Tuesday, February 22, 2011

Pilot Review: Criminal Minds: Suspect Behavior

Criminal Minds: Suspect Behavior (CBS)
Premiered February 16 at 10pm

I’ve never quite understood the recent enthusiasm for spinoffs of crime procedurals, especially when there aren’t even any characters from the original series being transplanted to the new show. That said, one of my favorite procedurals, one which I’ve since stopped watching, “NCIS,” was itself technically a spinoff of the same sort. Even if that’s true, however, this pilot doesn’t even come close to matching the quality or energy of that show. This is as run-of-the-mill as they get, and there isn’t one thing to me that makes it stand out from the sea of shows featuring crime task forces of some kind. It’s especially disappointing given the fact that Forest Whitaker is at the helm of this team. Whitaker has demonstrated that he’s capable of playing a complex cop before in “The Shield,” though there is this unfortunate trend of actors on cable shows, such as Michael Chiklis and Alex O’Loughlin on that very same FX series, whose turns on broadcast network shows are considerably less impressive. Whitaker is generally one-note, and the same is true of the usually entertaining and sarcastic Janeane Garofalo, whose role seems to have been stripped of all personality. This plays just like a “Law & Order” entry, with an intro similar to its “SVU” opening, signaling that there’s some sort of link between this and its lead-in show. Functionally, it reminds me of “The Forgotten,” which isn’t exactly a winning recommendation. This pilot falls prey several times to being overly self-congratulatory and trying to endow its characters with an insight that it presumes the viewer doesn’t have. It’s not nearly as clever as it thinks it is, and it’s hardly engaging. I don’t have any desire to check back in to this show.

How will it work as a series? Procedurals can go on forever. There are an infinite number of cases to be explored, and this “suspect behavior” focus should enable just as many possible plotlines. Having one of the squad’s members as a pedophile murderer is intriguing, though it’s slightly disconcerting that he came face-to-face with a child abductor in the first episode, meaning that that card has already been played.
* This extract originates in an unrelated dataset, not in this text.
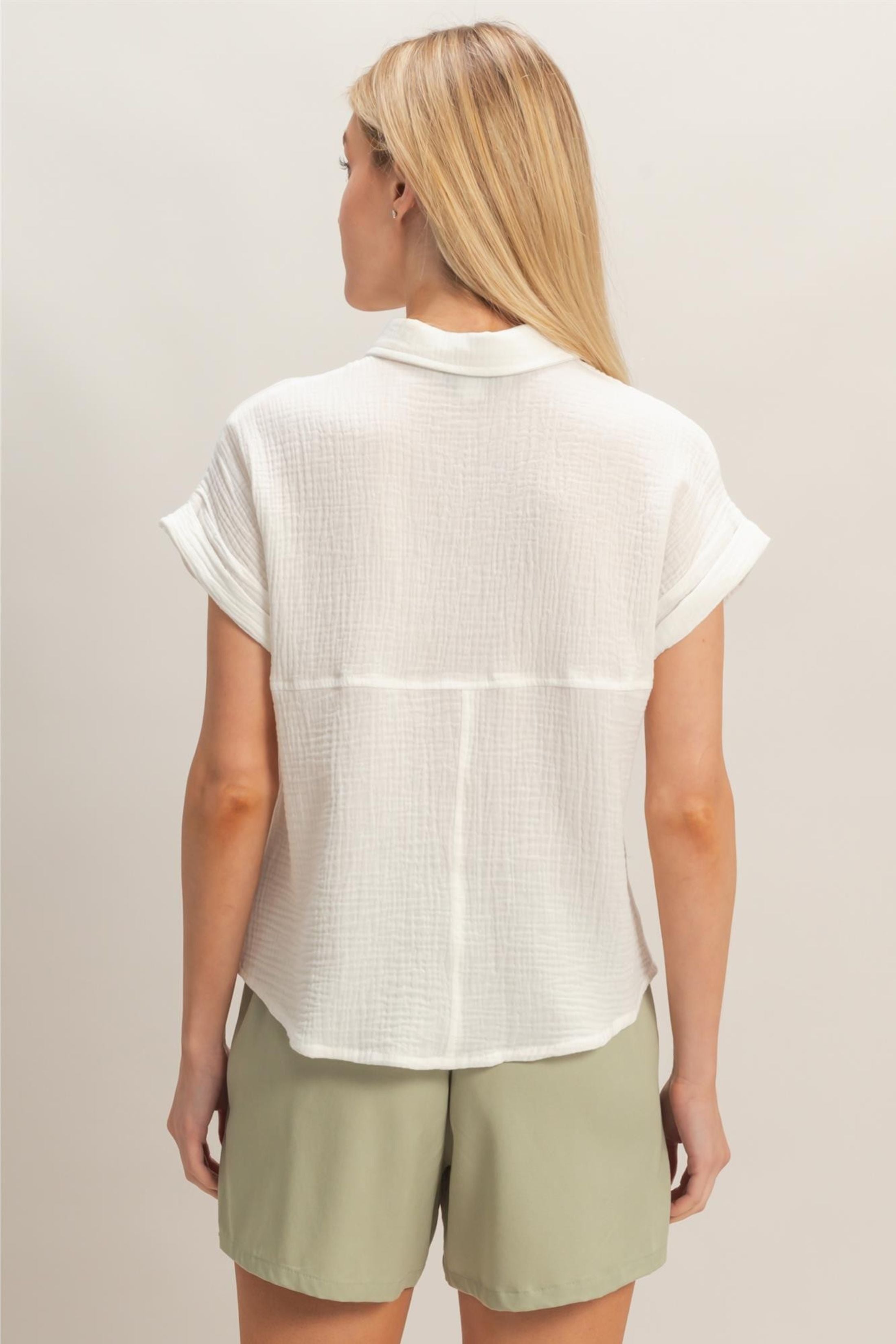 Daphne Rolled Sleeve Buttoned Top
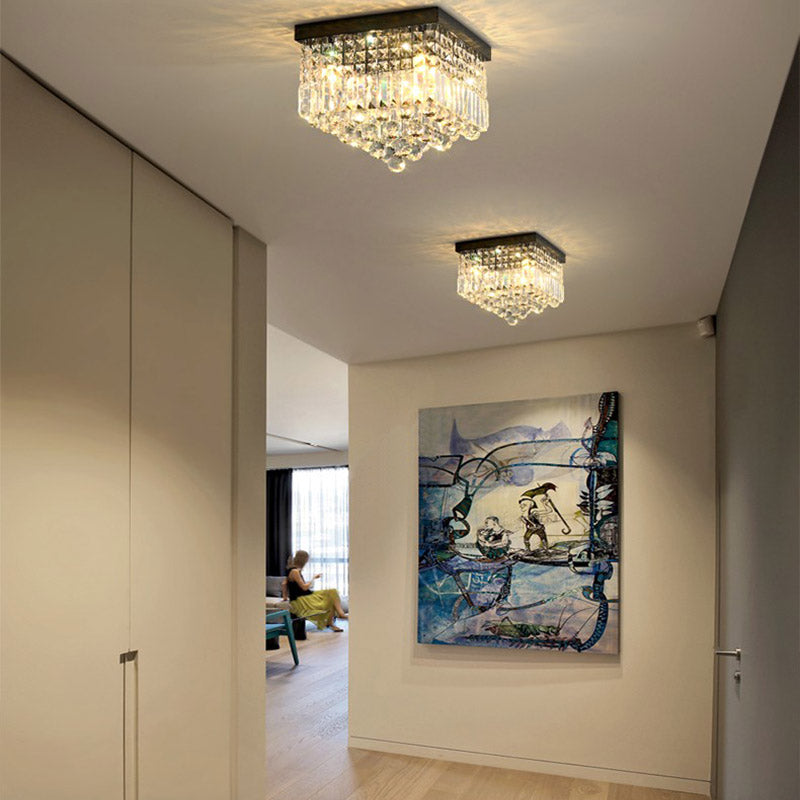 Prismatic Elegance: Modern Flush Mount Light With Faceted Crystal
There’s still a whole team of people left, so the wealth can be shared.
How long will it last? Possibly forever. Seriously, though, the original “Criminal Minds” is already in its sixth season, and this series premiere was watched by more people than that show. This seems to be a very popular genre, and therefore I have no doubt that this show, however unappealing it is to me, will live a long and (disturbing only in content) happy life, earning a renewal pretty soon.